ECLI:NL:RBDHA:2024:4407
Rechtbank Den Haag
- Voorlopige voorziening
- Rechtspraak.nl
Afwijzing verzoek voorlopige voorziening woningsluiting op grond van de Opiumwet
Op 19 maart 2024 heeft de voorzieningenrechter van de Rechtbank Den Haag uitspraak gedaan in de zaak met zaaknummer SGR 24/2052. De zaak betreft een verzoek om een voorlopige voorziening naar aanleiding van een besluit van de burgemeester van Gouda om de woning van verzoeker te sluiten op grond van artikel 13b van de Opiumwet. De sluiting is opgelegd voor de duur van zes maanden, met als gevolg dat verzoeker naar eigen zeggen dakloos is geraakt. Verzoeker heeft bezwaar gemaakt tegen het besluit en verzocht om een ordemaatregel om de woning te openen.

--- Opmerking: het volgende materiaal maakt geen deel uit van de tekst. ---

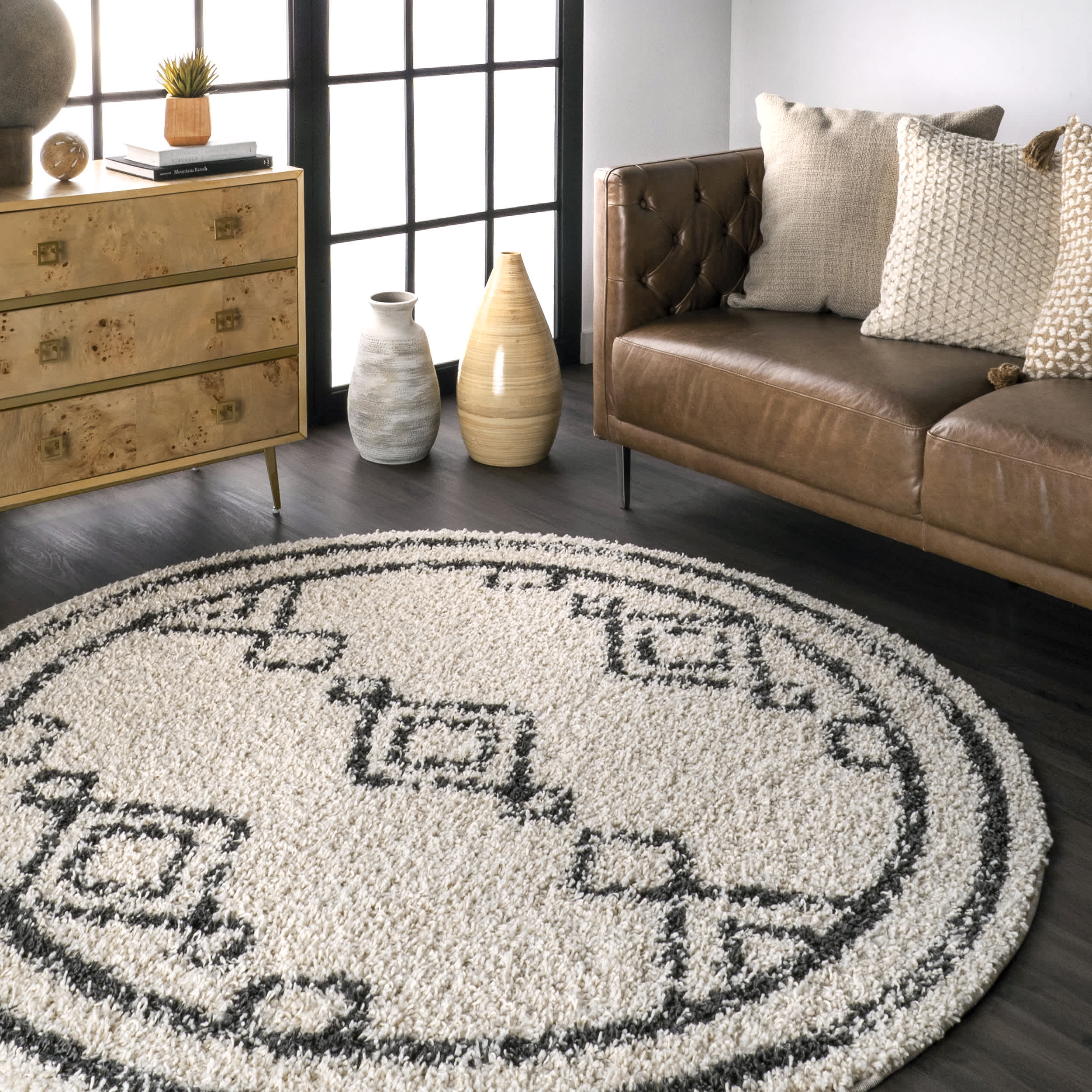 Mackie Moroccan Diamond Tassel Area Rug - Image 11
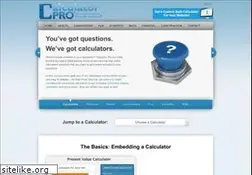Sites similar to calculatorpro.com
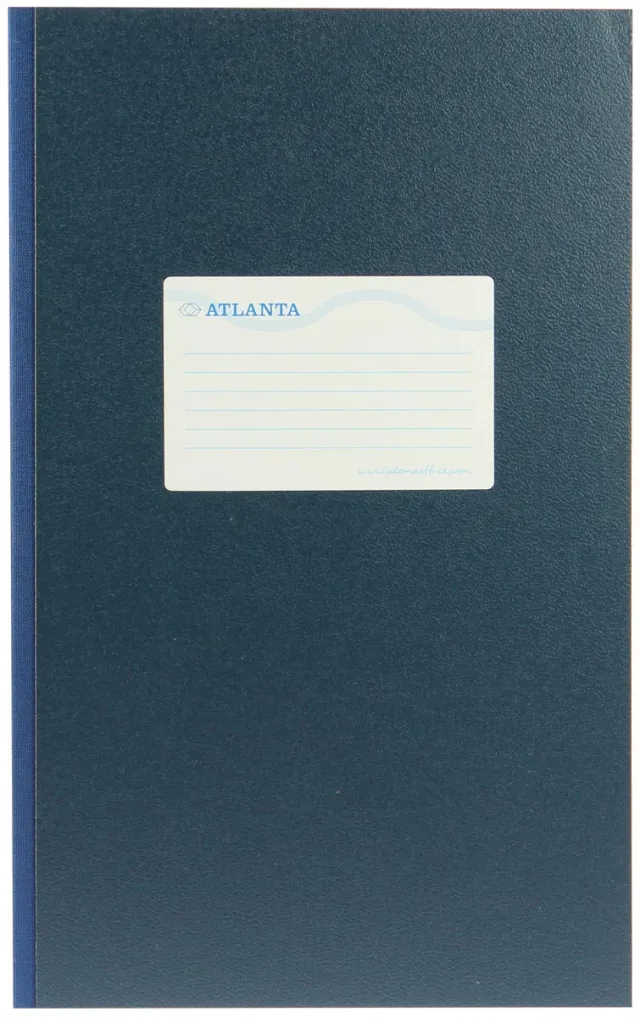 Atlanta by Jalema Notitieboek djois atlanta gelijmd 330x205 192blz Lijn blauw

De voorzieningenrechter heeft het verzoek om een ordemaatregel afgewezen. In de beoordeling is overwogen dat verzoeker geen vaste tijdelijke verblijfplaats heeft en momenteel her en der verblijft. De voorzieningenrechter concludeert dat er op dit moment geen noodsituatie is die rechtvaardigt dat de woning direct geopend moet worden. De stelling van verzoeker dat hij geen vervangende verblijfplaats kan vinden, is niet voldoende onderbouwd en biedt geen aanleiding voor het treffen van een ordemaatregel.
De voorzieningenrechter heeft aangegeven dat de rechtbank partijen zo snel mogelijk zal informeren over de verdere behandeling van het verzoek om een voorlopige voorziening. De beslissing is openbaar uitgesproken op 19 maart 2024 en een afschrift is verzonden aan de betrokken partijen.